- THE INPUT:

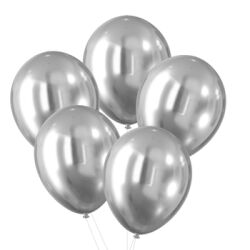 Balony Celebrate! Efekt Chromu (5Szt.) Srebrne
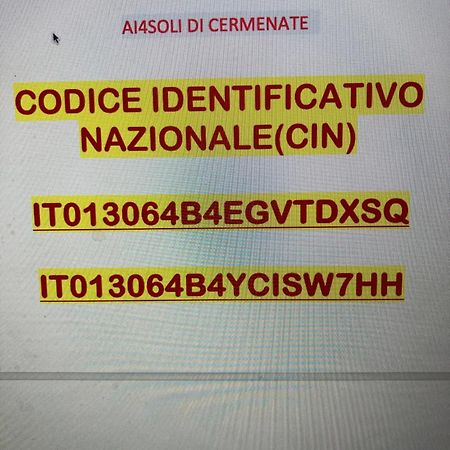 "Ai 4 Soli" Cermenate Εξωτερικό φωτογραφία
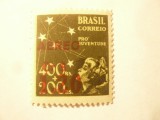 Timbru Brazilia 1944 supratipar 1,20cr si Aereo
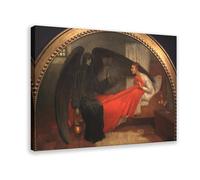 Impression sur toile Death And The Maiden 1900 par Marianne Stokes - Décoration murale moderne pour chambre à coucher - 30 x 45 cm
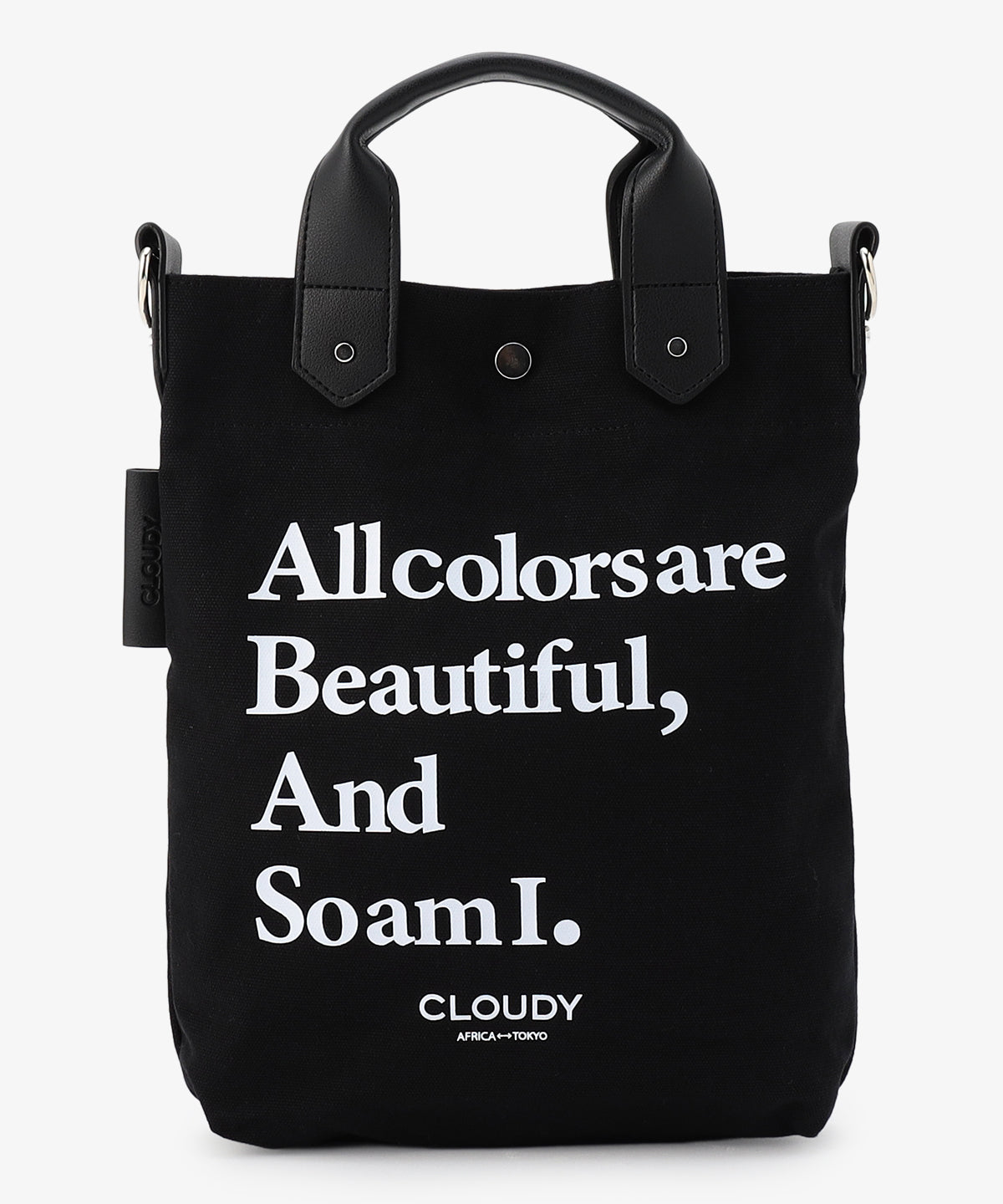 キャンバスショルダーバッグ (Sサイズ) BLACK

* * *

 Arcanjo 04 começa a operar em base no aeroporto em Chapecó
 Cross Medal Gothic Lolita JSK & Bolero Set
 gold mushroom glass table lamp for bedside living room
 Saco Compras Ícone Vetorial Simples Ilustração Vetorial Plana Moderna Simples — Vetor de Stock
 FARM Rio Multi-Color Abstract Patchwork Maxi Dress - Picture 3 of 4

- WORK INSTRUCTIONS:
Pictures in the entries do not go into the copy. Print only the lines starting at the one containing "Balony Celebrate! Efekt" and ending at the one containing "Timbru Brazilia 1944", exactly as they appear.

- TASK OUTPUT:
 Balony Celebrate! Efekt Chromu (5Szt.) Srebrne
 "Ai 4 Soli" Cermenate Εξωτερικό φωτογραφία
 Timbru Brazilia 1944 supratipar 1,20cr si Aereo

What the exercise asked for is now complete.